The case of Anna O., reported by Josef Breuer and Sigmund Freud in their1895 book Studies on Hysteria, provides the initial evidence for the effectiveness of psychoanalytic treatment. The patient’s actual name was Bertha Pappenheim (Gay, 1988; Jones, 1953). For the case study, her initials were shifted one letter earlier in the alphabet, and she was given the pseudonym Anna. Since the publication of her story, so many people have given their opinion of what was wrong with her that truth is difficult to determine in the welter of interpretation (recent review by Skues, 2006).
In 1880, at the age of 21, Bertha Pappenheim became the patient of Josef Breuer. Breuer was 38-years old, a respected Viennese physician, famous for his earlier work in physiology.
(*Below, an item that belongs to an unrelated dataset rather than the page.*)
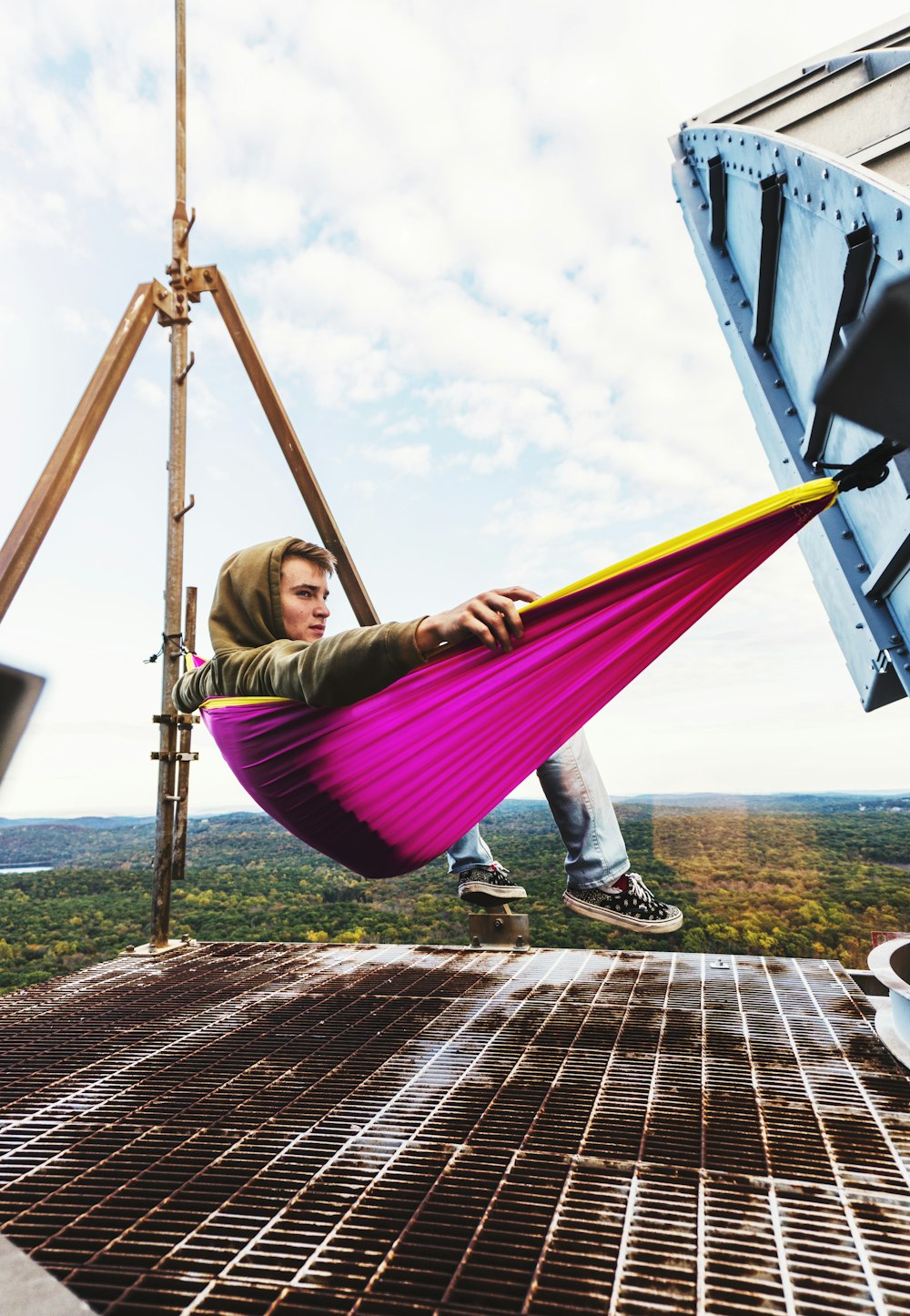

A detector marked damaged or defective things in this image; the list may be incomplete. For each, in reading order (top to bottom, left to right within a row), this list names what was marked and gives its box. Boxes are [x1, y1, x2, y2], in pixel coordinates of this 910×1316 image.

In 1868 he had shown that inflation of the lungs trigger pulmonary stretch receptors which through the vagus nerve then inhibit the inspiratory centers of the lower brainstem (Hering-Breuer reflex). In 1874 he had shown how the vestibular system was related to the sense of balance and not hearing (Mach-Breuer hypothesis). After his researches, Breuer had become a conscientious and caring physician. He described his new patient:
She was markedly intelligent, with an astonishingly quick grasp of things and penetrating intuition … She had great poetic and imaginative gifts which were under the control of a sharp and critical common sense … Her will-power was energetic, tenacious and persistent (Freud Standard Edition Volume II, p. 21)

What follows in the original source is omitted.